While Bertha makes a run for the chapel, John attempts to keep Elizabeth and Victoria at bay before he is snapped in half. Bertha narrowly manages to make it to the chapel unscathed. As Elizabeth and Victoria begin breaking through the door, Bertha uses a large crucifix to smash the box into pieces, transforming her aunts back into their original selves.

The following morning, Elizabeth and Victoria are questioned by law enforcement while Helen, driven insane by night’s events, is taken away for treatment. Rachel promises Gilbert that she will look after him until his mother is released from the hospital, to which he happily agrees.

Bertha leaves the estate in a taxi. As the ride progresses, she begins showing signs of demonic possession and transforms in the backseat before mauling the driver to death.

==Cast==

| Character | Actor |
|---|---|
| Helen | Catherine Aymerie |
| Suzie | Caroline Braeckman |
| Gilbert | Richard Cotica |
| Elizabeth Remington | Danielle Daven |
| Alice | Patricia Davia |
| Father Percival | Robert Du Bois |
| Bertha | Florine Elslande |
| Victoria Remington | Anne-Marie Fox |
| Publicity executive | Franklin Steward Granvel |
| Miss Barnstable | Paule Herreman |
| Erika | Bobette Jouret |
| Jessica | Françoise Lamoureux |
| Taxi-driver | Le Pepe |
| Reverend Father | Raymond Lescot |
| John | Elie Lison |
| Roger | Michel Lombet |
| Harvey | Jacques Mayar |
| Rachel | Françoise Moens |
| Elizabeth, the monster | Joëlle Morane |
| Radu | Sébastien Radovitch |
| Woman at the gate | Cindy Rimoe |
| Victoria, the monster | Suzane Vanina |
| Fred | Guy Van Riet |
| Police officer | Jonathan Rambert |
| Gardiner | Jan De Ketelare |
| Peasant | Johan Vandewoestijne |

==Production==
After the production of Lucker the Necrophagus, Johan Vandewoestijne met with director Emmauel Kervyn at the Brussels offices of VDS Films. Emmanuel was a martial art expert and had a project called "Talion" that he wanted to shoot with Jean-Claude Van Damme. André Coppens, manager of VDS Films engaged himself to produce the film. After doing long weeks of preparation there came a time when they had to order, for instance raw stock, rent camera equipment, rent lighting and grip material but producer Coppens had no money left on his account.
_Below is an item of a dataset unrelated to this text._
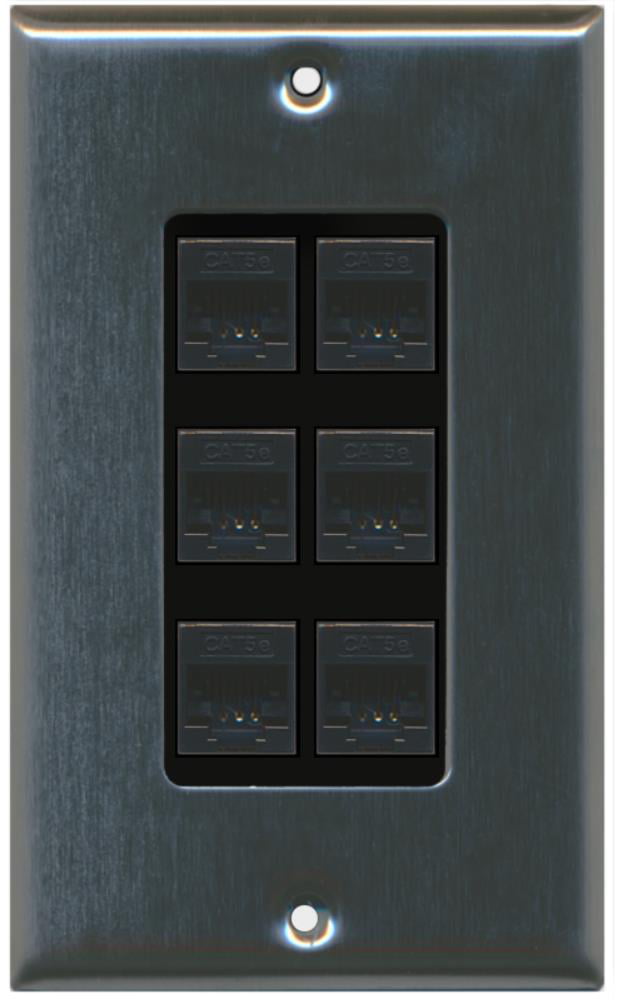RiteAV Decorative 1 Gang 6 Port Cat5e Wall Plate - Stainless/Black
Fortunately Kervyn had the script of a horror movie called 'The Long Night' ready to be used. The movie was shot from October 14, 1988, to January 8, 1989, on location in Kortrijk and in the castle of Ingelmunster. To sell the movie internationally, the director made all the French-speaking cast read their English lines phonetically.

==Release==
The film was released and distributed in the US on VHS and DVD by Troma Entertainment. The Troma release removes a lot of the gore from the feature film. These scenes are available as bonus features on the DVD. Its Blu-ray debut was 10 March 2015, presenting the film in a "producer's cut" with the gore scenes reinstated. Special features are the same as the original Troma DVD.

== Reception ==
Due to its unusual subject and title and its graphic scenes of gore, Rabid Grannies is one of the most infamous titles in the Troma library. Kervyn, the director, felt Troma's cuts made the film incomprehensible, but cult film fans found the film's bizarre incomprehensibility entertaining.

In 1990, Rabid Grannies was nominated for one International Fantasy Film Award, Best Film for Emmanuel Kervyn.